ÉDITO

Le secteur de la santé et des solidarités traverse une période de grandes incertitudes et de mutations profondes. Il était reconnu dans la Charte d’engagements réciproques signée entre l’Etat, le mouvement associatif et les collectivités territoriales en 2014 que « les associations, dans un contexte de forte évolution des besoins sociaux, jouent un rôle majeur d’alerte et d’interpellation des pouvoirs publics, mais aussi d’expérimentations innovantes et de gestion de services d’intérêt général ». Quatre ans après, la validité de certains principes qui y sont affirmés peut être questionnée.
 

Les acteurs de terrain restent des observateurs privilégiés de l’évolution des besoins sociétaux. Ils en captent les signaux faibles et en ont développé une connaissance fine. Pourtant, un véritable renversement a été opéré dès 2009 avec la mise en place de la procédure de l’appel à projet.  Schématiquement, celle-ci obéit au même principe que la commande publique qui prend le pas sur la subvention : les besoins sont identifiés par les pouvoirs publics, qui déterminent à des degrés différents les réponses que les acteurs de terrain apporteront.
 

Les structures non lucratives du secteur de la santé et de la solidarité observent également un effet ciseaux, constatant l’augmentation des besoins mais subissant une raréfaction des ressources. Les modèles d’allocation budgétaire sont inversés. S’ajoutent à cela la convergence tarifaire et les tarifs plafond, les reconductions à taux zéro ou à la baisse.    
 

Il est inscrit dans la Charte d’engagements réciproques que « l’Etat et les collectivités territoriales considèrent la diversité du monde associatif comme une richesse indissociable de la variété des tailles, des champs d’intervention et des couvertures territoriales des structures qui la composent ». Pourtant l’incitation au rapprochement entre des organismes gestionnaires privés non lucratifs peut virer à l’injonction, pour des raisons objectives (mobiliser les ressources et les expertises sur les territoires d’intervention) ou contestables (diminuer le nombre d’interlocuteurs).
 

La prise en compte de l’évolution des attentes des personnes accompagnées entraîne des transformations structurelles profondes (la Réponse accompagnée pour tous dans le champ du handicap) mais aussi des situations de crise lorsque les structures et les professionnels sont à bout de souffle (les grèves survenues dans les EHPAD en janvier et mars 2018). Les besoins évoluent aussi.
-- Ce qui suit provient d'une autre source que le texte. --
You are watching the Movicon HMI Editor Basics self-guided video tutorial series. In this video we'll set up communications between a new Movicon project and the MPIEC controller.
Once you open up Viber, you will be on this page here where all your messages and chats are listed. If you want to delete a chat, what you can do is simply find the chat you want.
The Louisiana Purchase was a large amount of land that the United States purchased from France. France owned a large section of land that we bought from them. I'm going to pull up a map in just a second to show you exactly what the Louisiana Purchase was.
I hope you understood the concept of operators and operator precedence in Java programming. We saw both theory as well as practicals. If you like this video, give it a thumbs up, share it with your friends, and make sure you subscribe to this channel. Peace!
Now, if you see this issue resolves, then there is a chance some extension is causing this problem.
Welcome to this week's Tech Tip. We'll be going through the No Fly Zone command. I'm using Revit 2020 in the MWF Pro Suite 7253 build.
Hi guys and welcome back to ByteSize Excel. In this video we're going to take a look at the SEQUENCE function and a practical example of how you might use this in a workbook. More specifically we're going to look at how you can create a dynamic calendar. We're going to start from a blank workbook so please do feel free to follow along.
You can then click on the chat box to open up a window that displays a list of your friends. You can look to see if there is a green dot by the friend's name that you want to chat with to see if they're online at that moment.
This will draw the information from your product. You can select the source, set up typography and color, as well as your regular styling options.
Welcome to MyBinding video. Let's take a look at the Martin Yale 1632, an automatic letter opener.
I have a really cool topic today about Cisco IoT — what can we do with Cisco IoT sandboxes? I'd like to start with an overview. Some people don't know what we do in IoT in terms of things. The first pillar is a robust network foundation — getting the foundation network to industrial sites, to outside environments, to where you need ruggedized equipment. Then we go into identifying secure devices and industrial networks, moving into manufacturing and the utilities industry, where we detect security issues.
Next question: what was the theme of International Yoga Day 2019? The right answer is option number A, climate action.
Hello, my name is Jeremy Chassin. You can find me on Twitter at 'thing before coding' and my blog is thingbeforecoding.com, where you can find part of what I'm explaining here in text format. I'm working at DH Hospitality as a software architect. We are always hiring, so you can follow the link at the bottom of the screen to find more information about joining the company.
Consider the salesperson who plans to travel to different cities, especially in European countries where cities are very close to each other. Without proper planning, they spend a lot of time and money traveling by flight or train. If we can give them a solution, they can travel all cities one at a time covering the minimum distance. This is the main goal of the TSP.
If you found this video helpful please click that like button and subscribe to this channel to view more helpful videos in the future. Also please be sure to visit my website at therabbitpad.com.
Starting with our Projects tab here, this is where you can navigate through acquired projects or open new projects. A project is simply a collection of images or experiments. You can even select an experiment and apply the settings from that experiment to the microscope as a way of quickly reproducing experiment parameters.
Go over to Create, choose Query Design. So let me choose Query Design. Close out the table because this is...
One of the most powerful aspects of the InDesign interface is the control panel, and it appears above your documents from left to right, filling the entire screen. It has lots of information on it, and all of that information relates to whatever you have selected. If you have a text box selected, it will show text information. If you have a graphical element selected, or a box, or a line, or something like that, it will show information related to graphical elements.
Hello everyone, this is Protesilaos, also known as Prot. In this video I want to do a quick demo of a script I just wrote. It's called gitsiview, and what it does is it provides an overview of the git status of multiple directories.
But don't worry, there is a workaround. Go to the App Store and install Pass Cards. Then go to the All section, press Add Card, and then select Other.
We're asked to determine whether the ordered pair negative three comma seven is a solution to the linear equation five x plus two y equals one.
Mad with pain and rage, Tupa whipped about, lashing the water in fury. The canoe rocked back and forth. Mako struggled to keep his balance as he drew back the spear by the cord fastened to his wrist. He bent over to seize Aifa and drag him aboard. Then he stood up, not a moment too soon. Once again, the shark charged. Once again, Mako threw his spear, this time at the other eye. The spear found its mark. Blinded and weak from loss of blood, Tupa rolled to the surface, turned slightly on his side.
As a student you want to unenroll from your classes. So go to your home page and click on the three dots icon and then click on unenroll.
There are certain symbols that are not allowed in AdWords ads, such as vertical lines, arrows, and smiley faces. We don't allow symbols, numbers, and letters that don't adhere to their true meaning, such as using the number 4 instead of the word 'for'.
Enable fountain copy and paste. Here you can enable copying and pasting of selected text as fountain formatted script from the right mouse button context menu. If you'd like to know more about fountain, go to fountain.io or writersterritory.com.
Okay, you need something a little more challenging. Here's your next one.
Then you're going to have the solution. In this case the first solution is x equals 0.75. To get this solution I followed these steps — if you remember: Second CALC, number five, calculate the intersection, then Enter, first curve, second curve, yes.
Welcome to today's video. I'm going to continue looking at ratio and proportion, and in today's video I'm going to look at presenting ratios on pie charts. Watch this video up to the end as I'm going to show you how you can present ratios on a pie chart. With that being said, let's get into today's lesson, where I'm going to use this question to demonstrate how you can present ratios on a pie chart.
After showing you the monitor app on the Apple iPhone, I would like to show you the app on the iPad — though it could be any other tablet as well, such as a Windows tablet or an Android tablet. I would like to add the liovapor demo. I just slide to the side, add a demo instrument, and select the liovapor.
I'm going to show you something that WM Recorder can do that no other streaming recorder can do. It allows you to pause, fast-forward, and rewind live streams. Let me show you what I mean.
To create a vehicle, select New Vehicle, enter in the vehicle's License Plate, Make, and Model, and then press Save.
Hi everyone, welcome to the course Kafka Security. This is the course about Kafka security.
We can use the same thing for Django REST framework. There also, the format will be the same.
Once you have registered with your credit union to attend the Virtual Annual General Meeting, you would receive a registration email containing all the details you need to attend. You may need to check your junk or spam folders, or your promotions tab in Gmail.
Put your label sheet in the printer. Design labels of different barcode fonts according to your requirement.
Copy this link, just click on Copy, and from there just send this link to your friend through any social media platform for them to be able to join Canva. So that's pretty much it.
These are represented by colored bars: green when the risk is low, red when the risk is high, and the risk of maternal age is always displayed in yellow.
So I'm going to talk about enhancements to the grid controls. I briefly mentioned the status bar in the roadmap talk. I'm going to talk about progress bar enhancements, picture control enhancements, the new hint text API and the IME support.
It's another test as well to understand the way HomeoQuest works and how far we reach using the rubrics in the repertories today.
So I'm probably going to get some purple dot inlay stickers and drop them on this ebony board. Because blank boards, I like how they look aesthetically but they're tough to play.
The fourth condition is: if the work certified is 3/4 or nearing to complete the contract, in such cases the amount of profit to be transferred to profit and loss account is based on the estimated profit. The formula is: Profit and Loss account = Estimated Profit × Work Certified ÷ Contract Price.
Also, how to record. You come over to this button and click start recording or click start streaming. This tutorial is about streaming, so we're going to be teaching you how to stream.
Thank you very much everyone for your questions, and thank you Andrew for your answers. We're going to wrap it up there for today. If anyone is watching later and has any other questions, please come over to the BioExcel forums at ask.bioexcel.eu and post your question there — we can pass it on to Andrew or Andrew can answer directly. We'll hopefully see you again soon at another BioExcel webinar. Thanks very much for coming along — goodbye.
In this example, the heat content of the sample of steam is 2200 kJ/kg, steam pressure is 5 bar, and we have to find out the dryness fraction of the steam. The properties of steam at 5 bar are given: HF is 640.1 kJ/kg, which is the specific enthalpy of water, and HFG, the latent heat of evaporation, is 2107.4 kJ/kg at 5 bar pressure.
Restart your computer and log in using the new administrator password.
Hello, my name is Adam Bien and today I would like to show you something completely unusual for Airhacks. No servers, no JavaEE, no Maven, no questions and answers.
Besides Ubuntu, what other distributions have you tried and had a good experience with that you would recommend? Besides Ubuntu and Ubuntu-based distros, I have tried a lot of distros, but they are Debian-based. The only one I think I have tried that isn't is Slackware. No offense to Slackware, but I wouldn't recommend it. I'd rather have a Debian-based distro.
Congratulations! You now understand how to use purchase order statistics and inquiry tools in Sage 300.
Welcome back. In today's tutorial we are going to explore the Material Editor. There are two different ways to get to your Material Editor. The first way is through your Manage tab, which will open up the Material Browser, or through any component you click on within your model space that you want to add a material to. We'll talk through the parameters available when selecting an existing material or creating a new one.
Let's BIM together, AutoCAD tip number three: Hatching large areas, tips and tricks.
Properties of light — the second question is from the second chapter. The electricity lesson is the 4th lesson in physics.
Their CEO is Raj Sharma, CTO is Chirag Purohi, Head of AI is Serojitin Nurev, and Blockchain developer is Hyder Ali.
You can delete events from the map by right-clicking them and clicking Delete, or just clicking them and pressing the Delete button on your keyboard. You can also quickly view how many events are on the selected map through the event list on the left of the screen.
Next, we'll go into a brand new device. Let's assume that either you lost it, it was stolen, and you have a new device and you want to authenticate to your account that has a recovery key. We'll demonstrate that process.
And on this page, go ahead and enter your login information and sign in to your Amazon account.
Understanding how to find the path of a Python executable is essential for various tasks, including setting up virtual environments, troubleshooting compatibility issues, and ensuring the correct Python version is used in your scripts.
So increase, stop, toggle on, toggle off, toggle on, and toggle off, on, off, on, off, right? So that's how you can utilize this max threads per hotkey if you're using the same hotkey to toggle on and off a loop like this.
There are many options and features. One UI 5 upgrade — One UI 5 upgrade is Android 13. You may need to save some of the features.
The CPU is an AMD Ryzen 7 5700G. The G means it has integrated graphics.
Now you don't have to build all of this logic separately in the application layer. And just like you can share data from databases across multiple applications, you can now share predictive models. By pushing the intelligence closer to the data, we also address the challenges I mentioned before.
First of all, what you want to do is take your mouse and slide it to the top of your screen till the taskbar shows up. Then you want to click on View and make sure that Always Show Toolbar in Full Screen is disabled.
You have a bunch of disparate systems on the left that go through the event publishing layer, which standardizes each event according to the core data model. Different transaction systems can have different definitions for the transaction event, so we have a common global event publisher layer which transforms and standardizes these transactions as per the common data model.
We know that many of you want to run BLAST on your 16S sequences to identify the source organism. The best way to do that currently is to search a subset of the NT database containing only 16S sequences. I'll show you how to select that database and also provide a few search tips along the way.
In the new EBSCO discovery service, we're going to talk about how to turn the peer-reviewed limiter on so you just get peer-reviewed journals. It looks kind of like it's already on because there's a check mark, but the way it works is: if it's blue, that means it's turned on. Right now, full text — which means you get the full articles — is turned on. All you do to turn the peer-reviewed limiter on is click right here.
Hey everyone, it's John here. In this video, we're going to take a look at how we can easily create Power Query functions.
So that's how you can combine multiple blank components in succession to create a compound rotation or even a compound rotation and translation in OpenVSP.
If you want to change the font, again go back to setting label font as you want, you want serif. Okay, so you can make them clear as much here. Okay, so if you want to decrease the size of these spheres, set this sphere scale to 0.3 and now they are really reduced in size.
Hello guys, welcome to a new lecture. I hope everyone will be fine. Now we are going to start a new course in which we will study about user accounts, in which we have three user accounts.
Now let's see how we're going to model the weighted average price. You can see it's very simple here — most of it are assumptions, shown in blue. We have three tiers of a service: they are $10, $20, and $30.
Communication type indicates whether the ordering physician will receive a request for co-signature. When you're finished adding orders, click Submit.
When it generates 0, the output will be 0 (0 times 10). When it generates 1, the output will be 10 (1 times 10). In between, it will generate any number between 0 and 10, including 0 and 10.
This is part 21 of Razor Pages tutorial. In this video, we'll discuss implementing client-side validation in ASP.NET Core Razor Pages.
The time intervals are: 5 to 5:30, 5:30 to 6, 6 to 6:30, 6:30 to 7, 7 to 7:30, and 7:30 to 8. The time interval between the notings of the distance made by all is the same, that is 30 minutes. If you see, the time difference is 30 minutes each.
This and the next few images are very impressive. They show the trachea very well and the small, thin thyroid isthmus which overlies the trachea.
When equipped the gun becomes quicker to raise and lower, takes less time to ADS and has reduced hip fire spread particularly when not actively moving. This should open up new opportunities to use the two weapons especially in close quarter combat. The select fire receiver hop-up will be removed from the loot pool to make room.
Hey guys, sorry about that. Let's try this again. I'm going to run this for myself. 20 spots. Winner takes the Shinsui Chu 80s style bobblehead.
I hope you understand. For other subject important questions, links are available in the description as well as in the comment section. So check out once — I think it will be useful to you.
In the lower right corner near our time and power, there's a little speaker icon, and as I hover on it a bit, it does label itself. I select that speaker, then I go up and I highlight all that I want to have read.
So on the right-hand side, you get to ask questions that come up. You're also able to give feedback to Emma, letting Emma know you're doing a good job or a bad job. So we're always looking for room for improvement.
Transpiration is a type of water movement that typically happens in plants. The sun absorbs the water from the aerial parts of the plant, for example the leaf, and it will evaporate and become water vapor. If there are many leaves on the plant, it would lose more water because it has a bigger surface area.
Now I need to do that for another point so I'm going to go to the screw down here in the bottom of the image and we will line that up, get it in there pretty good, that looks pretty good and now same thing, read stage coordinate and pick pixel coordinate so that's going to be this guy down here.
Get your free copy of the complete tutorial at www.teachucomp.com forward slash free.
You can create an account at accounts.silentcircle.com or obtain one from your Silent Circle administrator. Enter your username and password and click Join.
Certains croissent ou sont plus visibles, ainsi des populations à la frontière entre différents secteurs d’action (tels que les publics relevant tout à la fois de la protection de l’enfance et du handicap).
 

Face à ces changements, les organismes privés non lucratifs opèrent des choix divers. Certains optent pour une stratégie d’adaptation en réaction à leur environnement, voire défensive. D’autres s’engagent dans des stratégies proactives de nature différente : stratégie de croissance (diversification de l’activité, conclusion de partenariats, reprises d’établissements).